El Parlament de Cataluña vivió el jueves otra de esas jornadas lamentables que el ‘procés’ ha convertido en habituales. Abucheos, gritos e improperios se mezclaron con el abandono del hemiciclo de los diputados de la CUP y la expulsión del parlamentario Carlos Carrizosa (Cs), a cuenta de la decisión del juez de la Audiencia Nacional Manuel García-Castellón de enviar a prisión sin fianza a los siete miembros de los Comités de Defensa de la República (CDR) detenidos el lunes en la operación Judas. Fue la primera jornada de alta tensión política del otoño caliente en el que se adentra Cataluña, a la espera de la inminente sentencia del Tribunal Supremo a los líderes del ‘procés’.

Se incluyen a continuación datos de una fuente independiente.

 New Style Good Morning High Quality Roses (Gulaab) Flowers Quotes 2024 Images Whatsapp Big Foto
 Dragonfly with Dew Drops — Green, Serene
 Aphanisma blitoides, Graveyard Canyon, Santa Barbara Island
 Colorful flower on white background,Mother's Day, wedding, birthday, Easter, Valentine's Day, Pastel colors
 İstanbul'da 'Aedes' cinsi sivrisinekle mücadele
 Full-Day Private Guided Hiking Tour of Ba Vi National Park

Desde el otoño del 2017, una parte importante de la sociedad catalana desconfía de la acción de las fuerzas de seguridad del Estado y de la justicia. En este contexto hay que analizar la reacción de repulsa desde el independentismo a la operación Judas, a cuyos detenidos el juez acusa de integración en grupo terrorista, conspiración para cometer estragos y tenencia de explosivos. Son acusaciones muy graves que, de confirmarse, supondrían un salto cualitativo muy peligroso en Cataluña. A los acusados, faltaría más, les asiste la presunción de inocencia, de igual forma que cabe respetar el trabajo de la justicia.

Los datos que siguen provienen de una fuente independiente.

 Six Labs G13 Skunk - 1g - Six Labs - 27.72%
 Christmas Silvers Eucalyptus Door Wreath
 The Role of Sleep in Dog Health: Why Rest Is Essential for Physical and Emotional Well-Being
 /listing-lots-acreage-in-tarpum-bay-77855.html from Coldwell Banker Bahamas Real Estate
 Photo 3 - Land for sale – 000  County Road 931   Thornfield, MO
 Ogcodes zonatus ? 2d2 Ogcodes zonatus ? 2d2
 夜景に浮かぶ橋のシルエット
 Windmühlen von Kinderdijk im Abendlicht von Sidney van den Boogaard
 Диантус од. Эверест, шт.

Ahora bien, la presunción de inocencia y la legítima crítica a cómo se ha judicializado la crisis política catalana no justifican que desde las instituciones, sobre todo el Govern, se alimenten las sospechas sobre la actuación policial y judicial. Es una temeridad que se legitime un marco mental basado en teorías de la conspiración con el objetivo de dibujar al Estado español --cuyo representante en Cataluña es la Generalitat-- como un siniestro ente represor y dictatorial.

Las acusaciones a los encarcelados en la operación Judas son de una extrema gravedad. Con la escasa información disponible, tan aventurado e irresponsable es ensalzarlos como mártires del independentismo como establecer injustas comparaciones entre ETA y el movimiento independentista, de carácter inequívocamente pacífico. Hay que dejar que la justicia haga su trabajo sin incendiar unos ánimos ya de por sí excitables. Sobran pirómanos en el otoño caliente catalán.

Se comprobó en el Parlament, donde además de abochornar a la ciudadanía se aprobaron unas resoluciones del debate de política general que en nada contribuyen a serenar los ánimos por mucho que sean textos sin peso normativo. Pedir la retirada de la Guardia Civil de Cataluña, exigir la dimisión de la delegada del Gobierno, Teresa Cunillera, o incidir en la soberanía del Parlament «rechazando las imposiciones antidemocráticas de las instituciones del Estado español, y en especial, de su Tribunal Constitucional y Tribunal Supremo» devuelven a Cataluña a un camino que no lleva a ninguna parte. La mejor forma de empezar el otoño caliente no es defender que el 1-O fue «legítimo y legal» y «la legitimidad de la desobediencia civil e institucional». El Parlament demostró estar muy lejos de la serenidad que requerirán los difíciles días que se auguran.